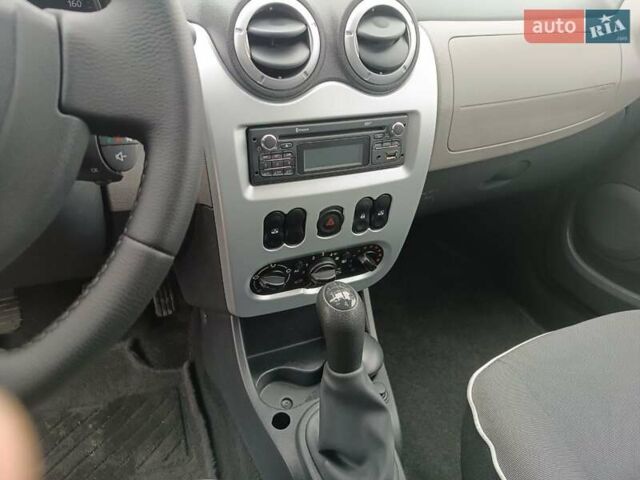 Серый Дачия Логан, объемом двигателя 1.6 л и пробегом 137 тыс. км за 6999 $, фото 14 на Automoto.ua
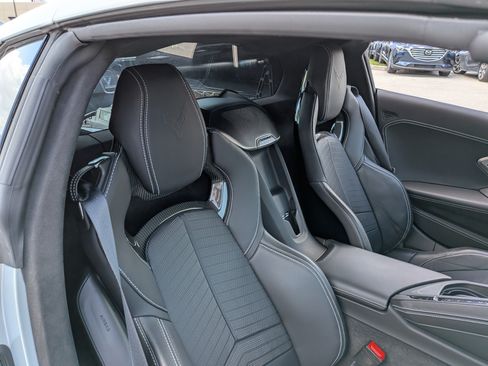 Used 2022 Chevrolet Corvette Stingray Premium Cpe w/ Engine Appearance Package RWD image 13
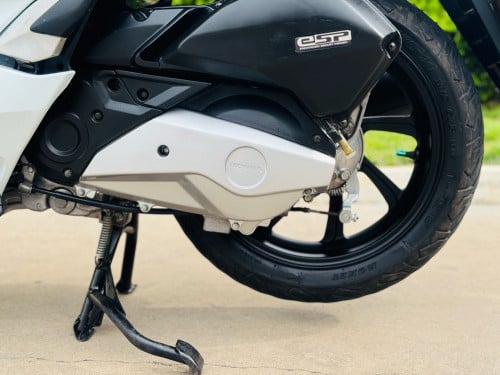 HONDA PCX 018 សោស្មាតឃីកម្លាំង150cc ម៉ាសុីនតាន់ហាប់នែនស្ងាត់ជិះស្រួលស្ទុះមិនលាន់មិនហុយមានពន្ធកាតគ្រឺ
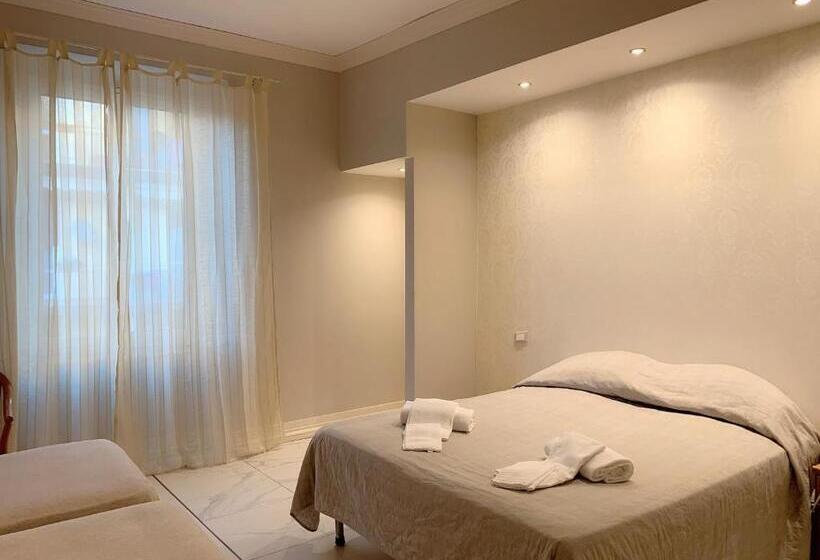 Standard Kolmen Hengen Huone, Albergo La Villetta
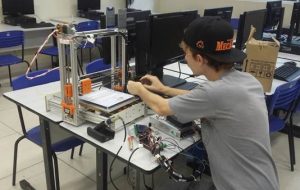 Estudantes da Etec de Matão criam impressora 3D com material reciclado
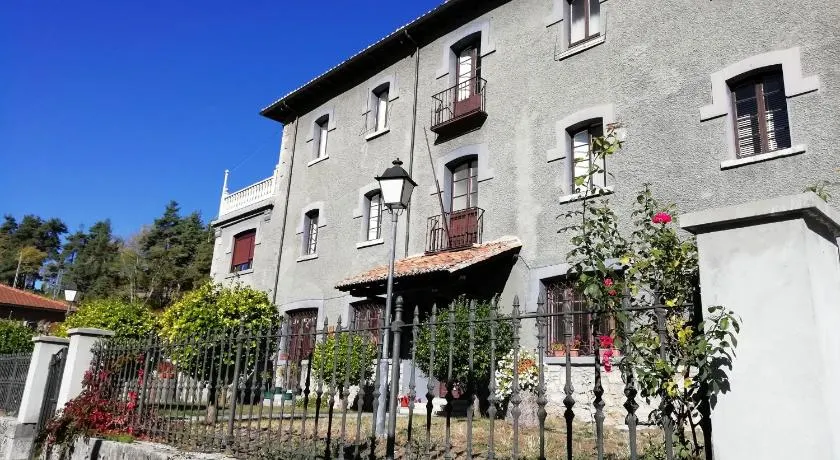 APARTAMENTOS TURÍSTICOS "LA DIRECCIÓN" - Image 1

◆ ◆ ◆

** PROBLEM STATEMENT **
Restate the material above exactly. Exclude all pictures.

** ANSWER BELOW **
 Серый Дачия Логан, объемом двигателя 1.6 л и пробегом 137 тыс. км за 6999 $, фото 14 на Automoto.ua
 Used 2022 Chevrolet Corvette Stingray Premium Cpe w/ Engine Appearance Package RWD image 13
 HONDA PCX 018 សោស្មាតឃីកម្លាំង150cc ម៉ាសុីនតាន់ហាប់នែនស្ងាត់ជិះស្រួលស្ទុះមិនលាន់មិនហុយមានពន្ធកាតគ្រឺ
 Standard Kolmen Hengen Huone, Albergo La Villetta
 Estudantes da Etec de Matão criam impressora 3D com material reciclado
 APARTAMENTOS TURÍSTICOS "LA DIRECCIÓN" - Image 1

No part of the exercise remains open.